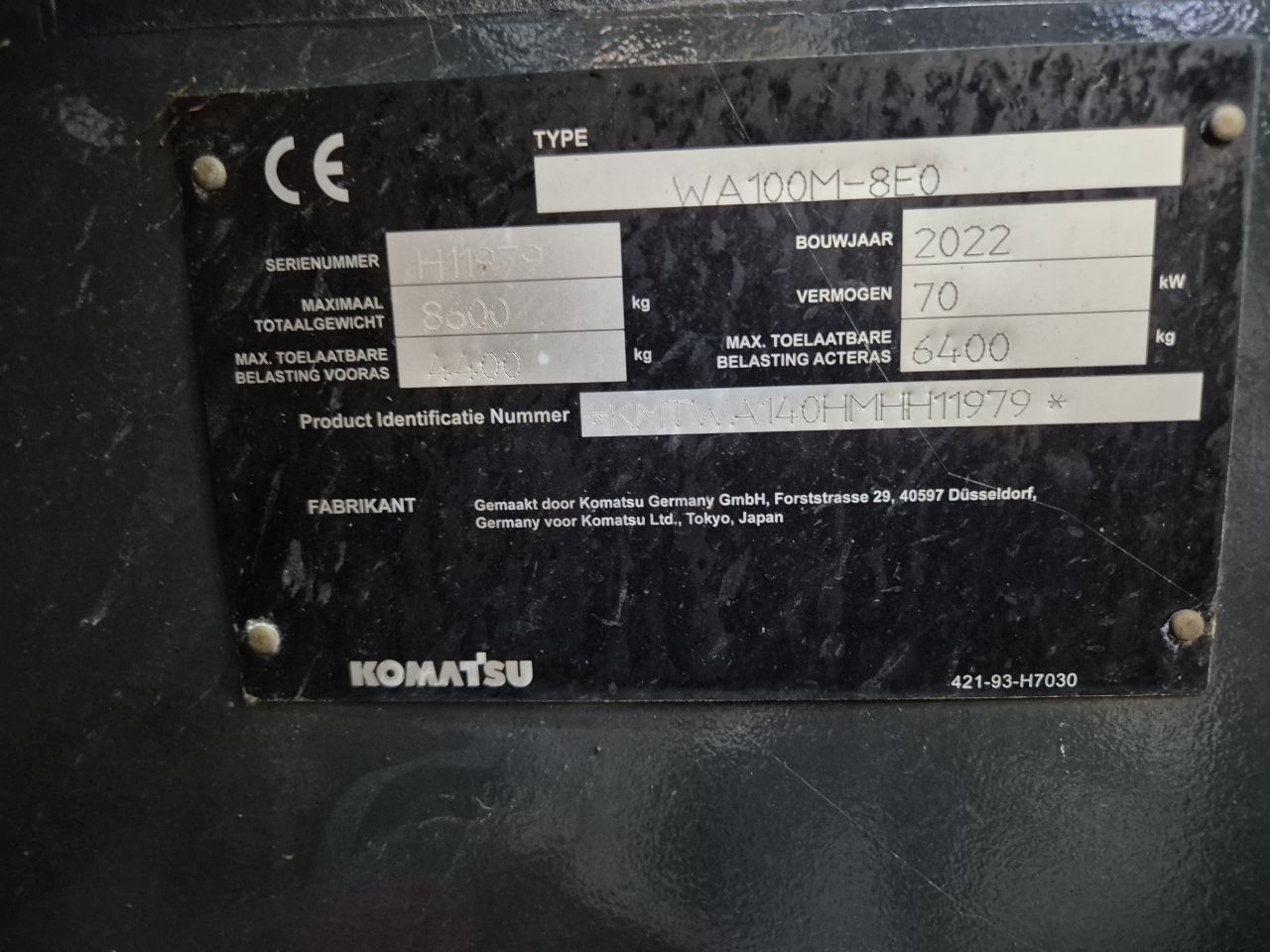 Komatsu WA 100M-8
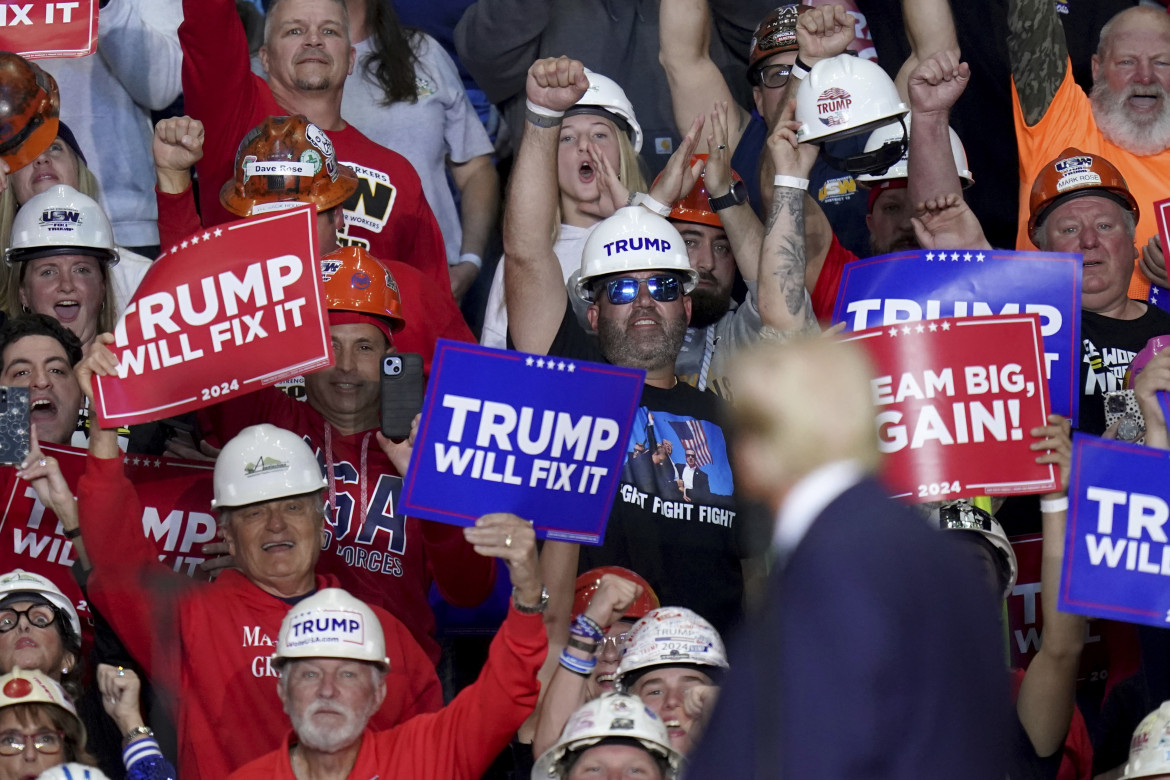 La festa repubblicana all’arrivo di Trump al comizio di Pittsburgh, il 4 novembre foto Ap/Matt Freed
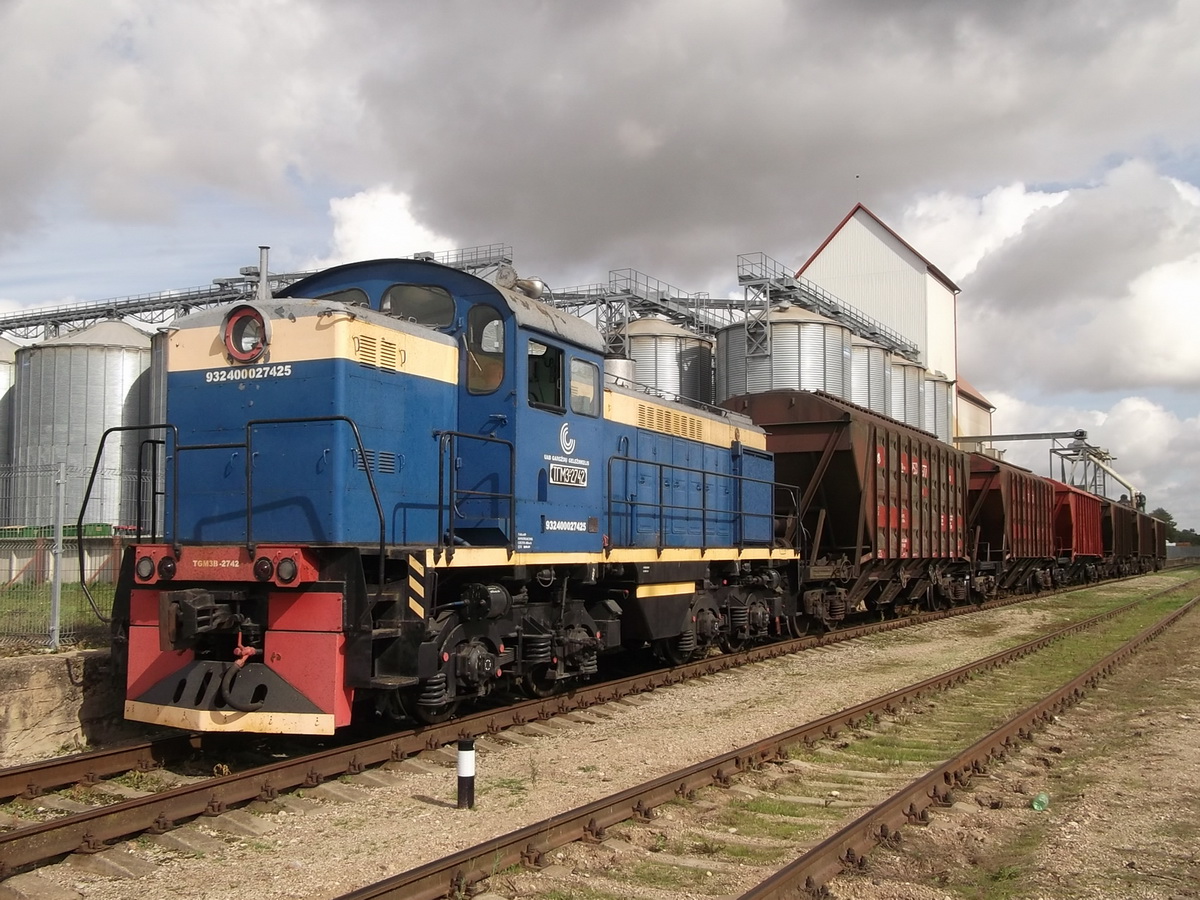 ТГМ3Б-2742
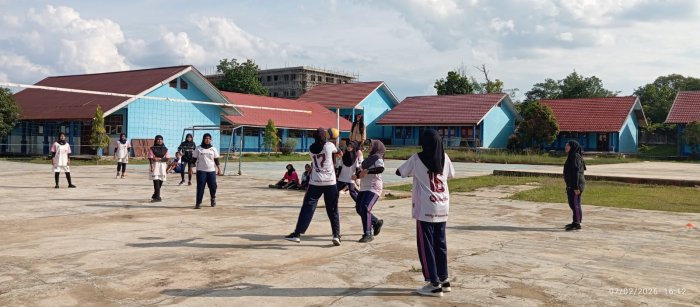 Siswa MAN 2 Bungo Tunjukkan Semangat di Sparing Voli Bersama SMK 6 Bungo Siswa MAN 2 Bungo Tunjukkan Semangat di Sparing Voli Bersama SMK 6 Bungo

> **Problem requirements**
Once the pictures are set aside, the remaining data must be transcribed exactly.

> **Task solution**
 Komatsu WA 100M-8
 La festa repubblicana all’arrivo di Trump al comizio di Pittsburgh, il 4 novembre foto Ap/Matt Freed
 ТГМ3Б-2742
 Siswa MAN 2 Bungo Tunjukkan Semangat di Sparing Voli Bersama SMK 6 Bungo Siswa MAN 2 Bungo Tunjukkan Semangat di Sparing Voli Bersama SMK 6 Bungo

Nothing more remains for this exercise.